The positive interactions occurred despite a low level of genetic relatedness between the groups, and despite the fact that reciprocity—such as paying back a gift of fruit—often took place much later, in future encounters.

Intriguingly, females, both within and from different groups, were found to form coalitions—sometimes to chase an individual from a feeding tree, at other times to prevent a coercive sexual advance from a male.

Instead of conflict, they choose pacifism and bribing each other with compromises. The pro-social group are the liberals of these species. These reject their tribe in favor of avoiding conflict, but in doing so, guarantee that their tribe will be assimilated and absorbed.

Give this thinking a few millennia, and you get the result of the modern West.
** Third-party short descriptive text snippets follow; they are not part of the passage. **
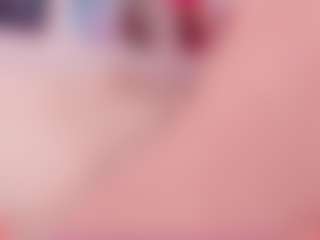 LosAlice's Live Sex Cam Show
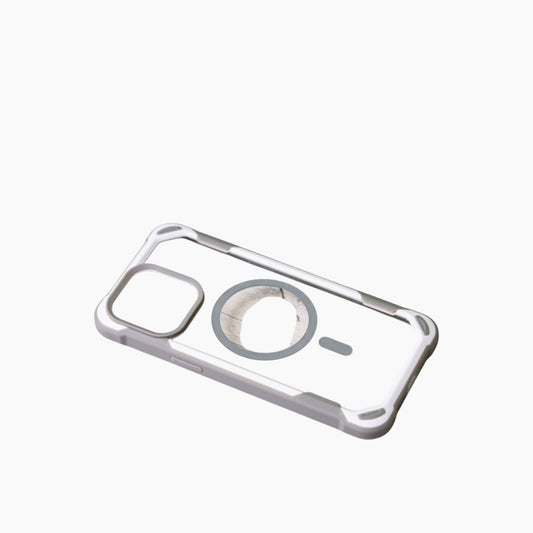 Catchy Jo iPhone Panda Case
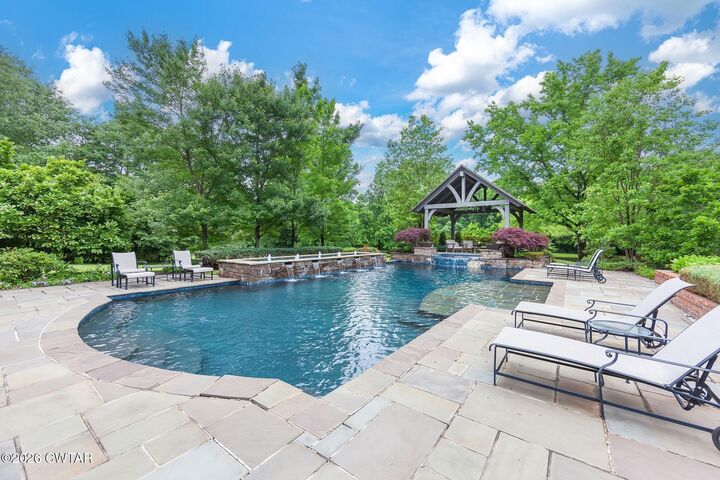 Property Photo:  31 Okeena Drive  TN 38305 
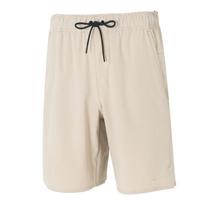 Nike Dri-Fit Unlimited Greitai džiūstantys Kvėpuojantys Vienspalviai Laisvalaikio Šortai Vyriški Šortai Smėlio spalvos DV9331251 S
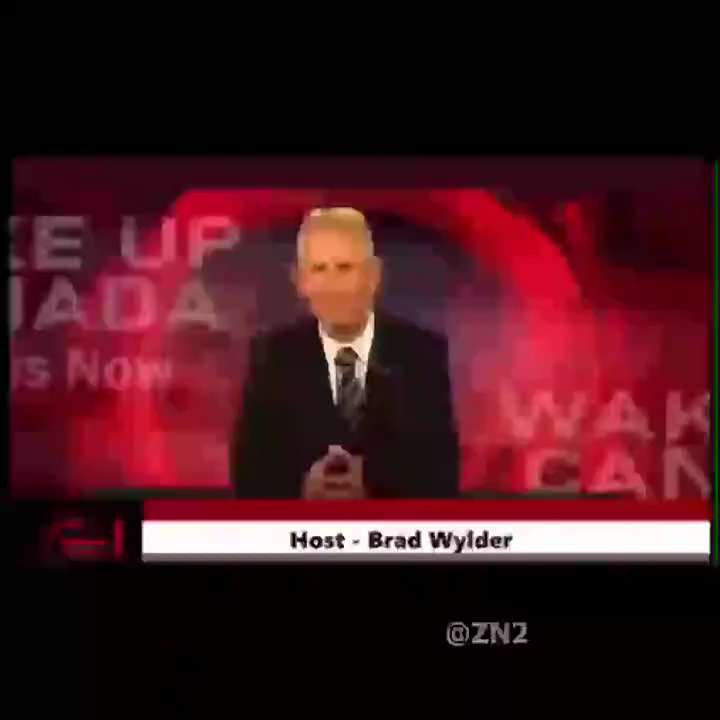 The greatest heros among us all.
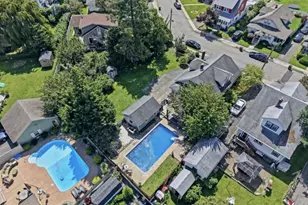 56 Downs Ave, Wharton, NJ 07885 - Photo 37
In the meantime, like all trends, this one has fascinated the popular mind but also run its course. Debt piles up. Enemies surround us and are within our borders. The competence crisis means barely anything is done well. Pollution threatens to restrict our lifespans and we are out of empty spaces to which to escape.

Your leaders know this is the case. They have known this would be the case since the early days of democracy. They did not do this to you; you and your fellow citizens did it to yourselves by voting for individualism and free stuff, or at least not opposing it fervently enough.

As democracy winds down, we can expect that much as the kings were scapegoated, anyone with money and power — especially “favored races” of high-IQ people from the first world — will be scapegoated as the financial system crumbls, plunging the third world into even greater poverty and despair.